One of the generalizations of the concept of a derivative. Let there exist a $\delta > 0$ such that for all $t$ with $| t | < \delta$ one has

$$f( x _ {0} + t) = \alpha _ {0} + \alpha _ {1} t + \dots + \frac{\alpha _ {r} }{r!} t ^ {r} + \gamma ( t) t ^ {r} ,$$

where $\alpha _ {0} \dots \alpha _ {r}$ are constants and $\gamma ( t) \rightarrow 0$ as $t \rightarrow 0$; let $\gamma ( 0) = 0$. Then $\alpha _ {r}$ is called the generalized Peano derivative of order $r$ of the function $f$ at the point $x _ {0}$. Symbol: $f _ {(} r) ( x _ {0} ) = \alpha _ {r}$; in particular, $\alpha _ {0} = f( x _ {0} )$, $\alpha _ {1} = f _ {(} 1) ( x _ {0} )$. If $f _ {(} r) ( x _ {0} )$ exists, then $f _ {(} r- 1) ( x _ {0} )$, $r \geq 1$, also exists.

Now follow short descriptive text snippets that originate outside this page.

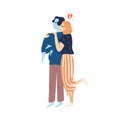 Crying girl hug cold avoidant male vector flat illustration. Woman with broken heart and coldness ignoring partner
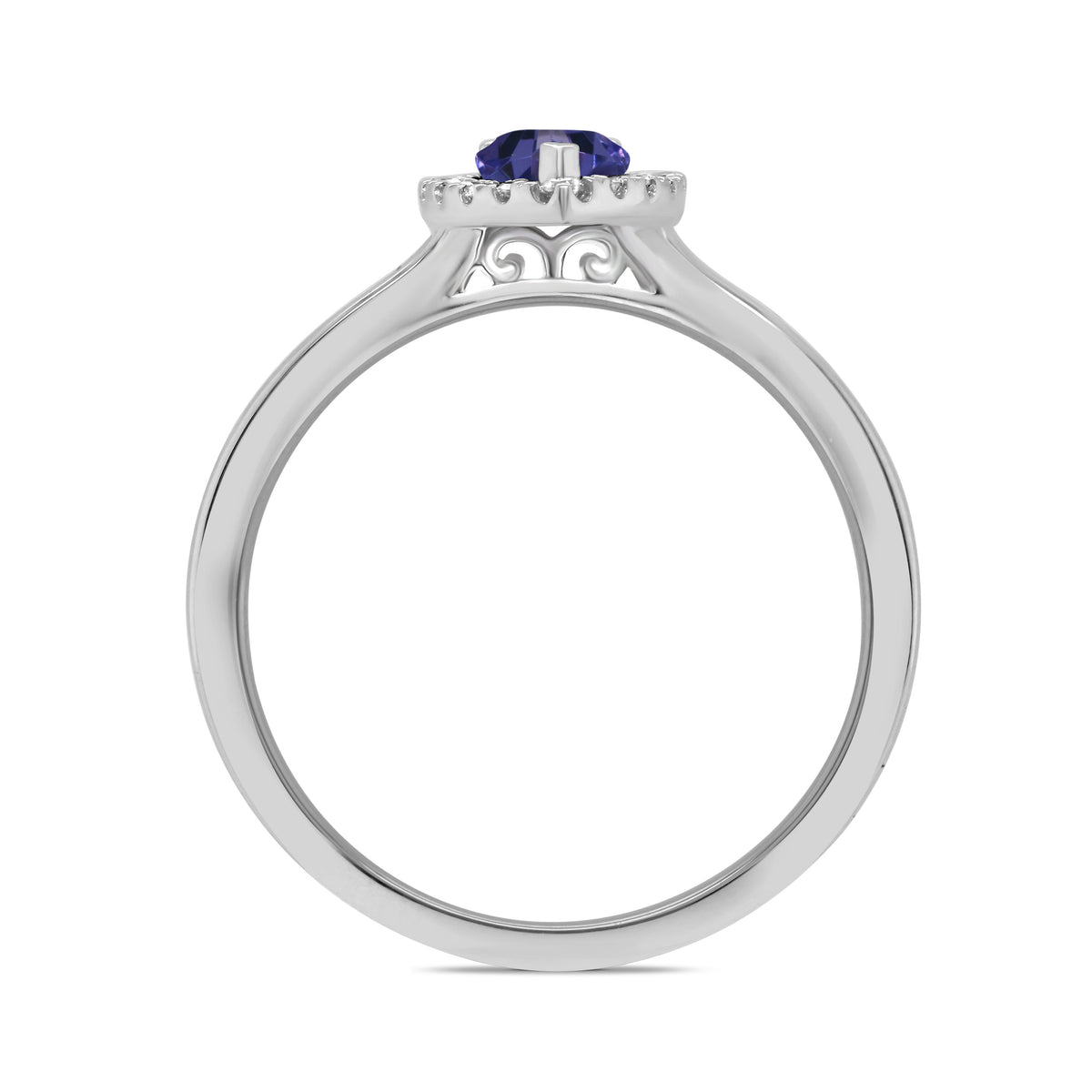 9ct white gold 6x4mm pear shape tanzanite & diamond cluster ring  0.10ct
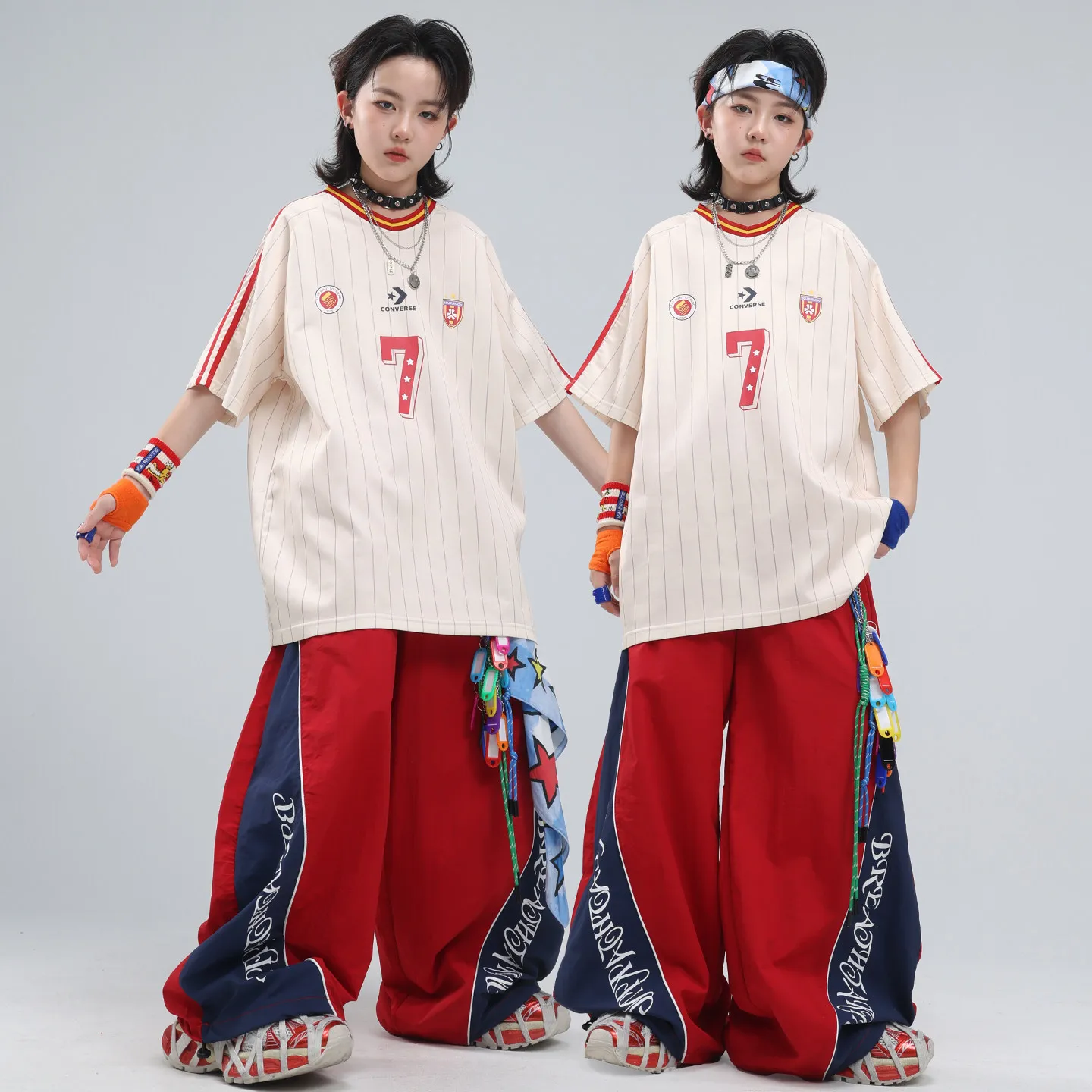 kids Boys Girls Streetwear Hip Hop Short Sleeve Sport Stripe T-shirt Pants Track Suits Children T Shirts Trousers Sets Costume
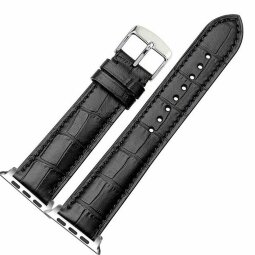Кожаный ремешок Crocodile Texture для Apple Watch 44 и 42мм (черный)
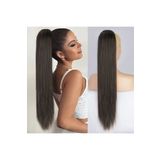 AKOLİFE Kahverengi Tokalı Düz At Kuyruğu Postiş - 75cm- Gerçek Saç Dokusu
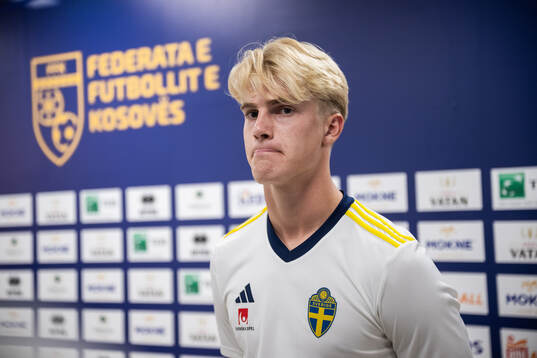 Lucas Bergvall of the Swedish national football team at a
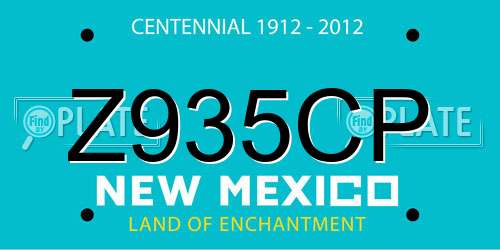 Z935CP New Mexico License Plate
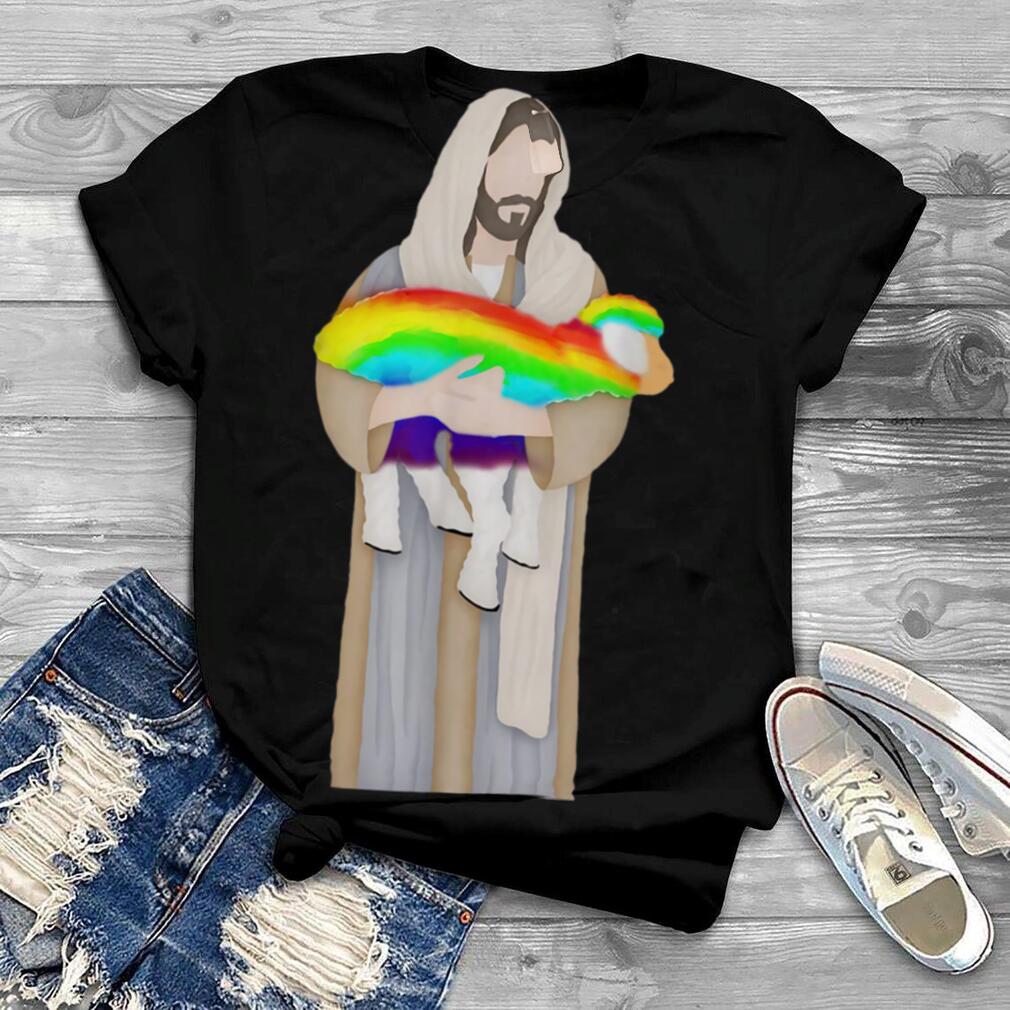 Jesus & Rainbow Lamb LGBT Gay Pride Shepherd Christian Art T Shirt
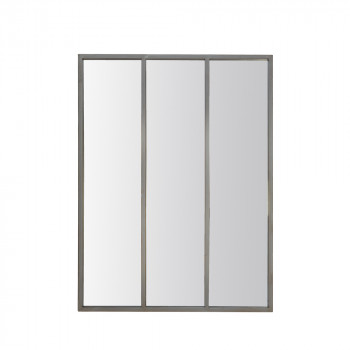 Miroir verrière métal rouillé 90x120 - Argent 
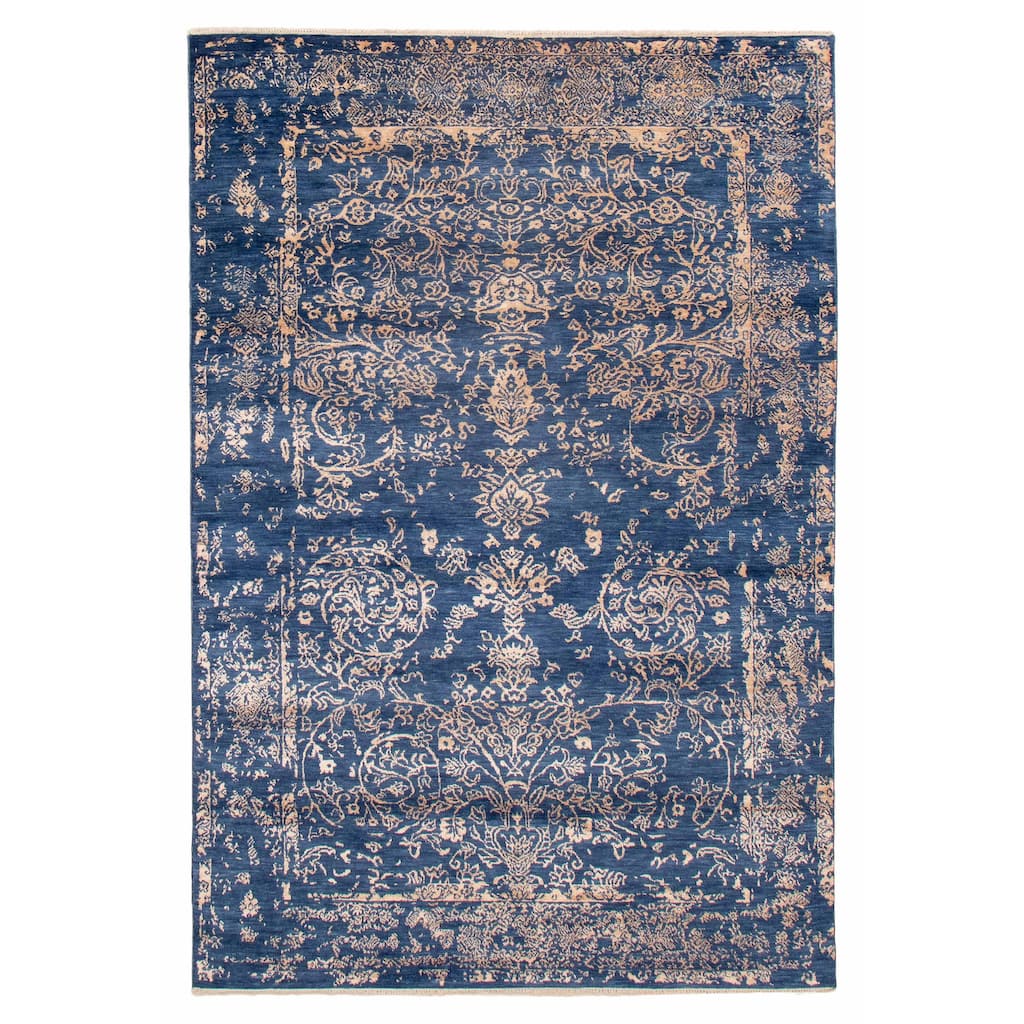 ECARPETGALLERY Hand-knotted Heritage Navy Silk, Wool Rug - 6' x 9' 2"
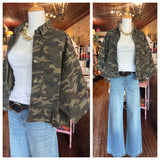 Washed Vintage Camo Denim Ruffled Shirt/Jacket
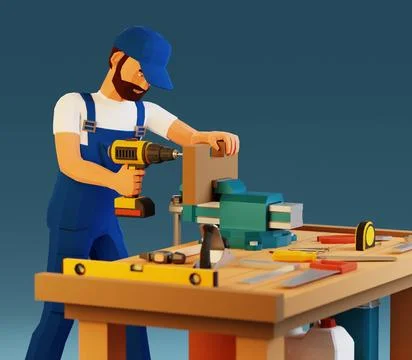 3d worker drilling a board Stock Illustration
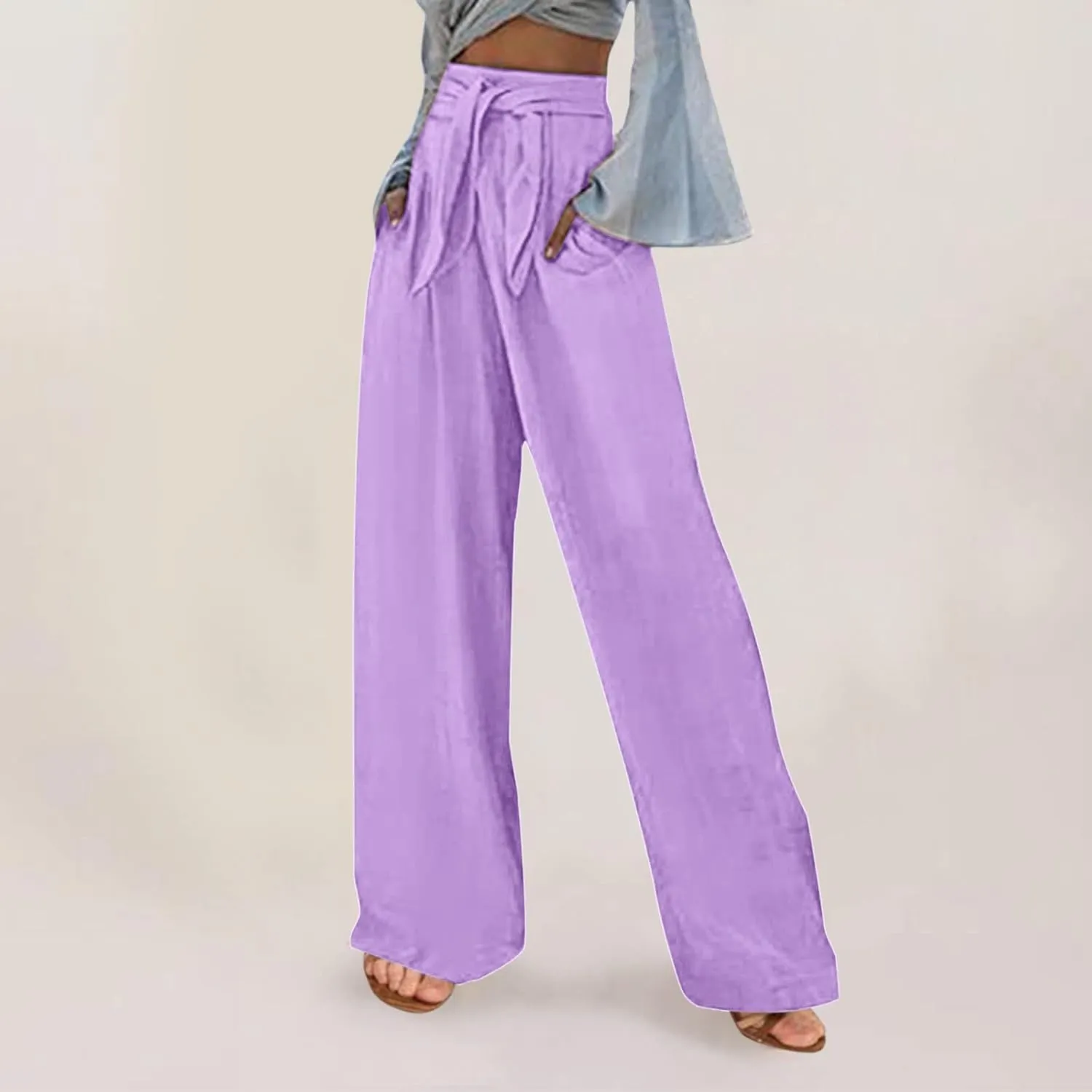 Women's Linen Wide Leg Pants High Waist Casual Long Lounge Adjustable Tie Business Casual Tie Knot Trousers Plus Size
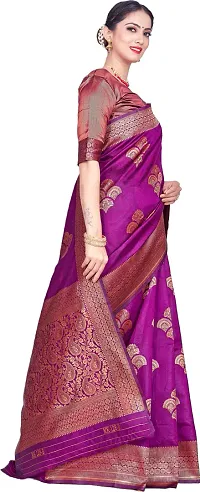 Elegant Magenta Art Silk Saree with Blouse piece-thumb4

If the finite ordinary two-sided derivative $f ^ { ( r) } ( x _ {0} )$ exists, then $f _ {(} r) ( x _ {0} ) = f ^ { ( r) } ( x _ {0} )$. The converse is false for $r > 1$: For the function

$$f( x) = \left \{ \begin{array}{ll} e ^ {- 1/x ^ {2} } , & x \neq 0 \textrm{ and } \textrm{ rational } , \\ 0, & x = 0 \textrm{ or } \textrm{ irrational } , \\ \end{array} \right .$$

one has $f _ {(} r) ( 0) = 0$, $r = 1, 2 \dots$ but $f _ {(} 1) ( x)$ does not exist for $x \neq 0$( since $f( x)$ is discontinuous for $x \neq 0$). Consequently, the ordinary derivative $f ^ { ( r) } ( 0)$ does not exist for $r > 1$.

Infinite generalized Peano derivatives have also been introduced. Let for all $t$ with $| t | < \delta$,

$$f( x _ {0} + t) = \alpha _ {0} + \alpha _ {1} t + \dots + \frac{\alpha _ {r} ( t) }{r!} t ^ {r} ,$$

where $\alpha _ {0} \dots \alpha _ {r-} 1$ are constants and $\alpha _ {r} ( t) \rightarrow \alpha _ {r}$ as $t \rightarrow 0$( $\alpha _ {r}$ is a number or the symbol $\infty$). Then $\alpha _ {r}$ is also called the Peano derivative of order $r$ of the function $f$ at the point $x _ {0}$. It was introduced by G. Peano.